Preventing Filesystem Corruption in Embedded Linux

Published as a Whitepaper on Mar 22, 2010 (Updated Dec 17, 2020)

Introduction

Almost any computer system is subject to unexpected power failures. For some embedded systems, this only occurs when the power grid goes down. For others, it may happen when a user decides to pull the plug instead of using a documented shutdown procedure. Automotive and remote systems need to anticipate that power will stop and start several times a day. If an embedded system is implemented without thinking about what happens when the power goes down it could lead to catastrophic failures down the road. Due to the nature of failures caused by unexpected power loss an embedded system may run for weeks, months, or years before users experience an unexpected and catastrophic failure. From the users perspective, their device worked fine yesterday and today it doesn't even turn on, and they don't tie it back to the unexpected power failure event.

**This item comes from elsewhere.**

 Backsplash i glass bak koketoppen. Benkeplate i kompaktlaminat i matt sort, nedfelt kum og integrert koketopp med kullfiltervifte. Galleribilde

One collection of failure types caused by unexpected power loss are those related to issues with the boot medium. Investigating the boot medium failure as a result of power loss may show an unclean filesystem, missing files, or more commonly a filesystem that only mounts as read only. The latter happens when the filesystem detects a serious problem with filesystem metadata during runtime that it cannot fix automatically causing it to remount read only to avoid writing to prevent further corruption on the disk. Many people turn to common journaled filesystems like ext3/ext4 to attempt to address these failures. While journaled filesystems like ext3/ext4 are less prone to corruption, they are far from immune.

Explanation

When a NAND write from the filesystem occurs, it must write a page at a time, and it must be erased before writing. However, in order to erase a page you must erase an entire block which will include many pages. As an example from a Micron NAND, a page is 4KiB, and the erase block is 1MiB. A filesystem or FTL (Flash Translation Layer) will store multiple files within a block, so if power is lost during an erase/write it is possible to lose the entire block and the multiple files stored on them.

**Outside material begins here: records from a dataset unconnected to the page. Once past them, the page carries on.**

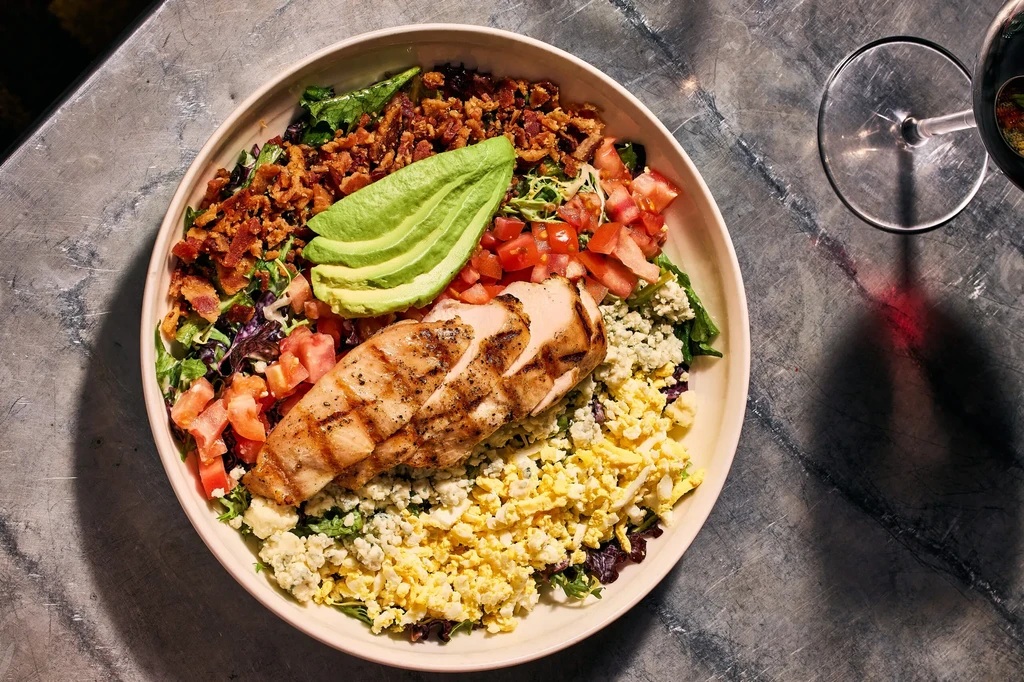 Meticulously arranged Cobb salad with chicken, avocado, bacon, eggs, and blue cheese.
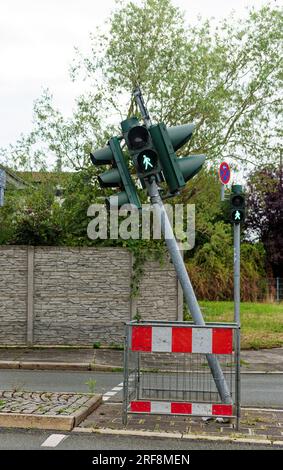 symbolic picture, traffic light out of balance; approached pedestrian traffic light is crooked Stock Photo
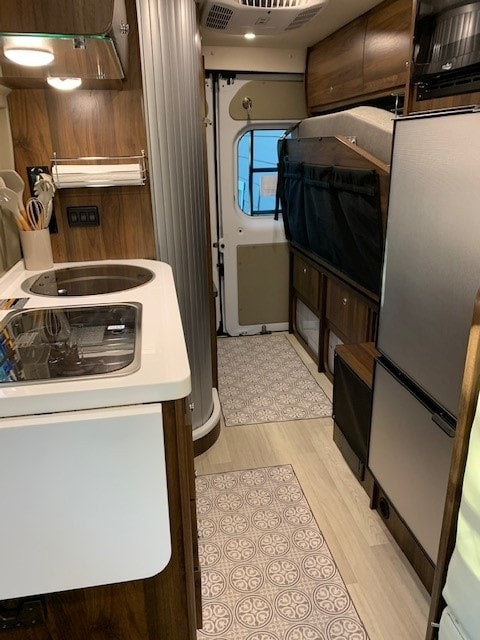 Experience RV rental comfort: detailed view of a compact kitchen, folded bed, and clever storage solutions. — photo 6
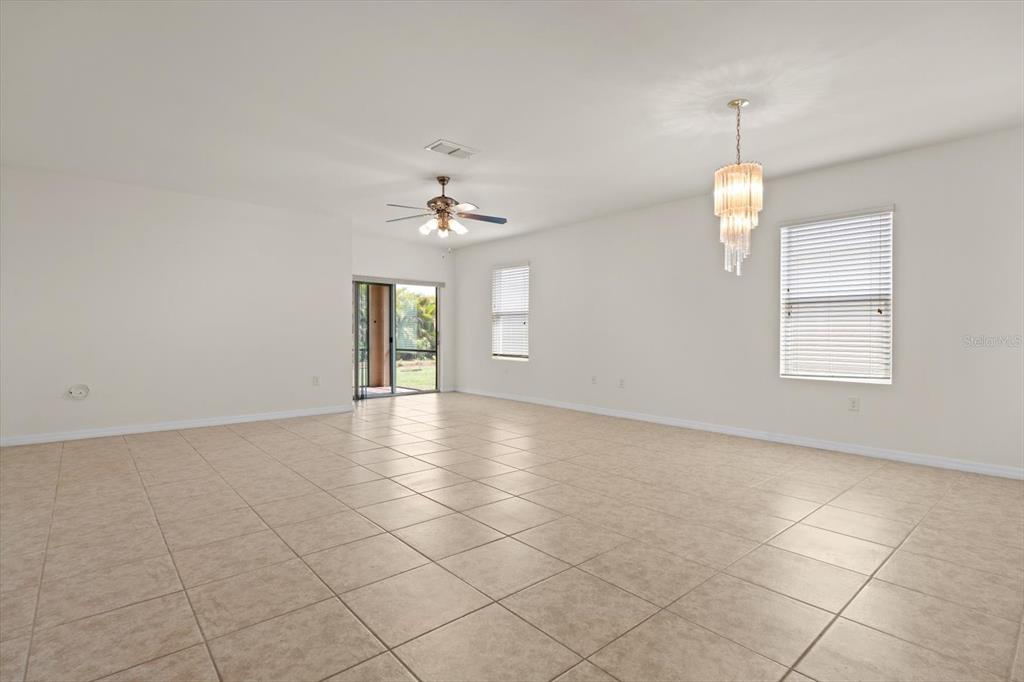 8932 Excelsior Place Venice, FL 34293 - Photo 13 of 43 an empty room with chandelier and white walls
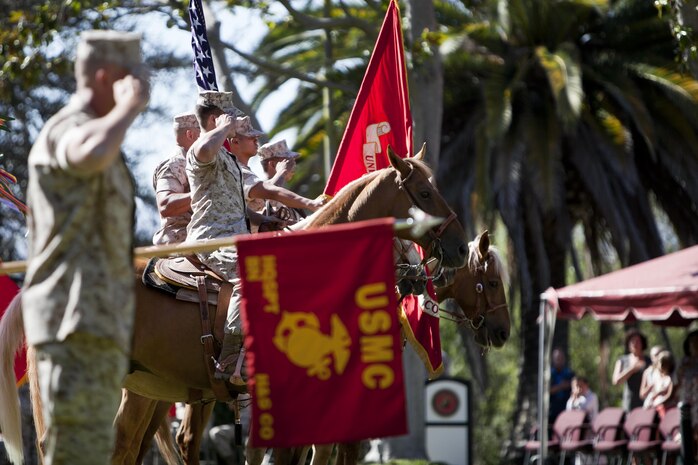 A U.S. Marine Corps mounted color guard presents the colors during a change of command ceremony for Marine Corps Installations West-Marine Corps Base, Camp Pendleton, at the Santa Margarita Ranch House National Historic Site on Camp Pendleton, Calif., July 15, 2016. (U.S. Marine Corps photo by Cpl. Brian D. Bekkala)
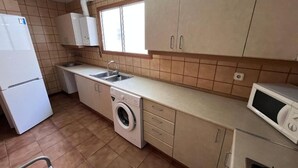 A compact kitchen with a washing machine, a microwave, and a refrigerator. - Spacious 3-room apartment right on the beach. Rodes-71 (Calafell)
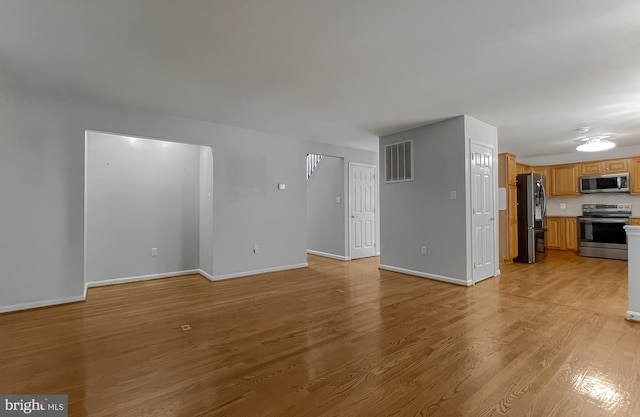 unfurnished living room with baseboards, light wood-type flooring, and visible vents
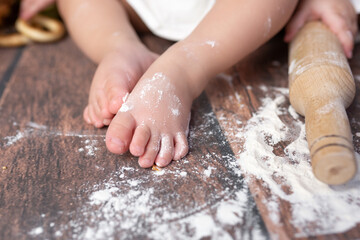 small children's feet in flour on a wooden background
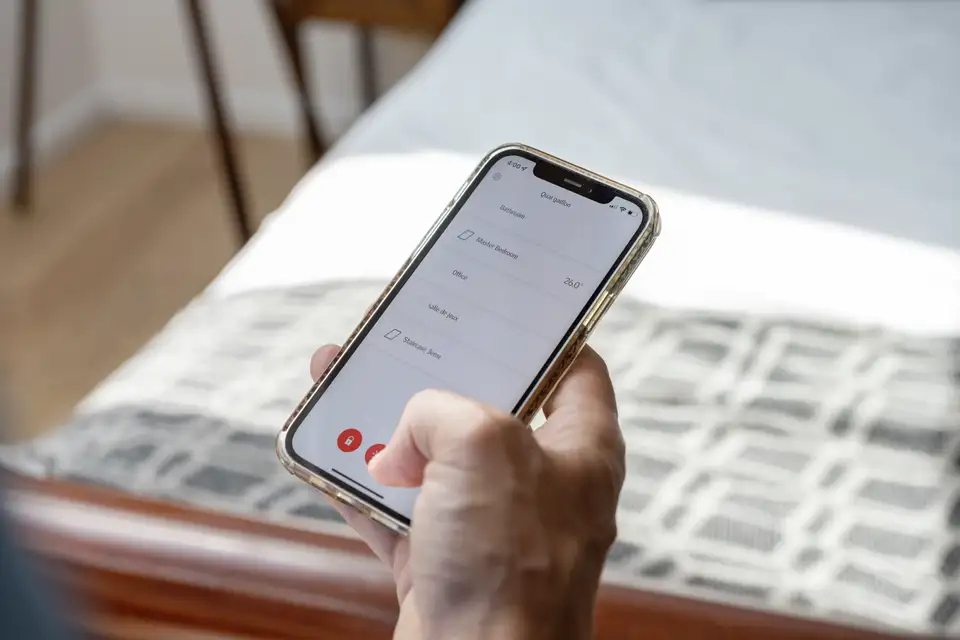 Un smartphone en cuya pantalla se muestra la app para controlar las persianas a distancia.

On some of Technologic Systems' older products we accessed NAND flash using a controller that was either built into the processor or implemented in our FPGA. These hardware controllers were used in conjunction with a flash filesystem like YAFFS2 or JFFS that manages communications with the NAND devices, ECC, wear leveling, bad block management, and filesystem specific storage mechanisms for storing Linux data, permissions, and directories.

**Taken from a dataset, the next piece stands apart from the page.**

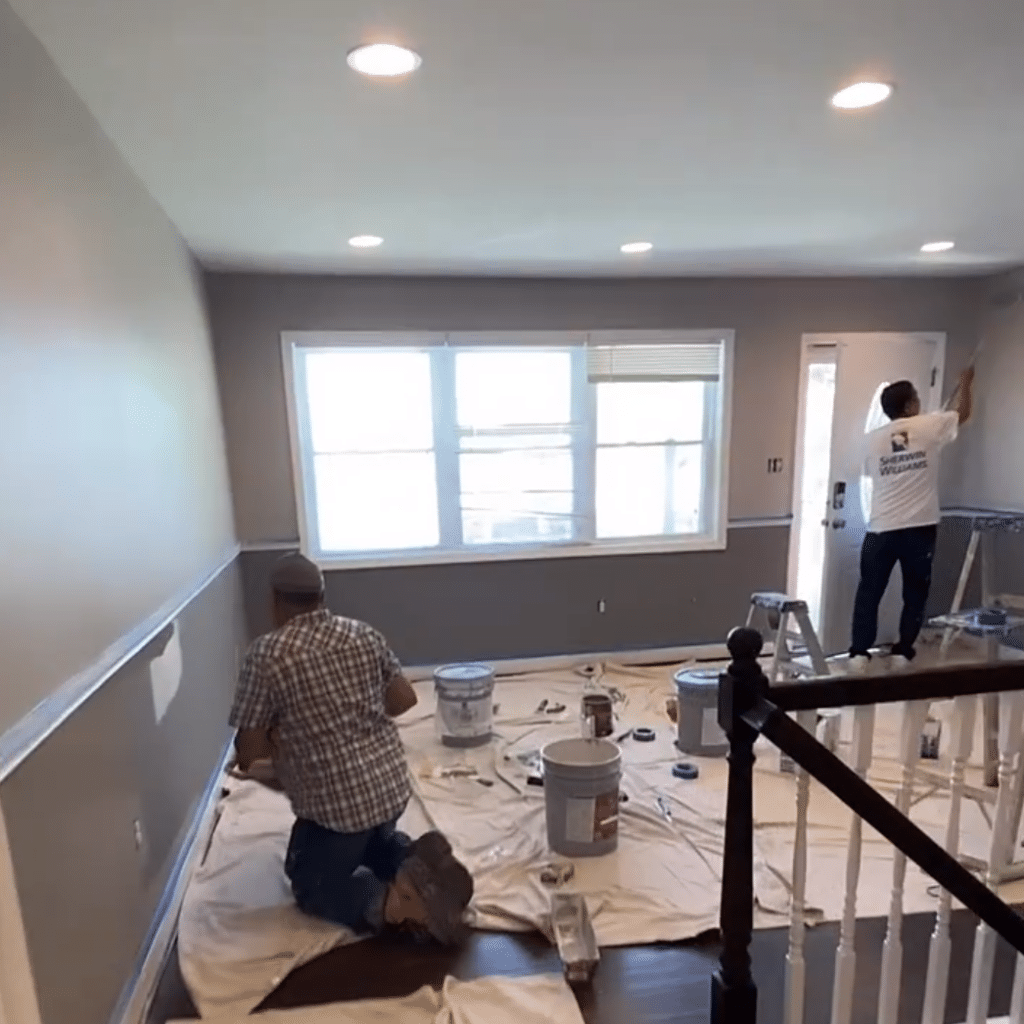 A painting contractor in Nashville painting the inside of a home two different colors.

After using flash filesystems for years and understanding their limitations Technologic Systems created XNAND which significantly improved the reliability of NAND. XNAND can find corrupt blocks, and uses redundant sectors to gracefully recover from failure. When ECC failures occur, YAFFS2/JFFS permanently retires blocks, but XNAND improves on this by attempting to write corrupted blocks back with correct data from redundant sectors. In many cases this allows a sector to work for many thousands more writes. XNAND is closely tied to out 512MB SLC NAND based products and is limited to providing 256MiB of usable space in order to support the redundancy. See the XNAND paper for more details.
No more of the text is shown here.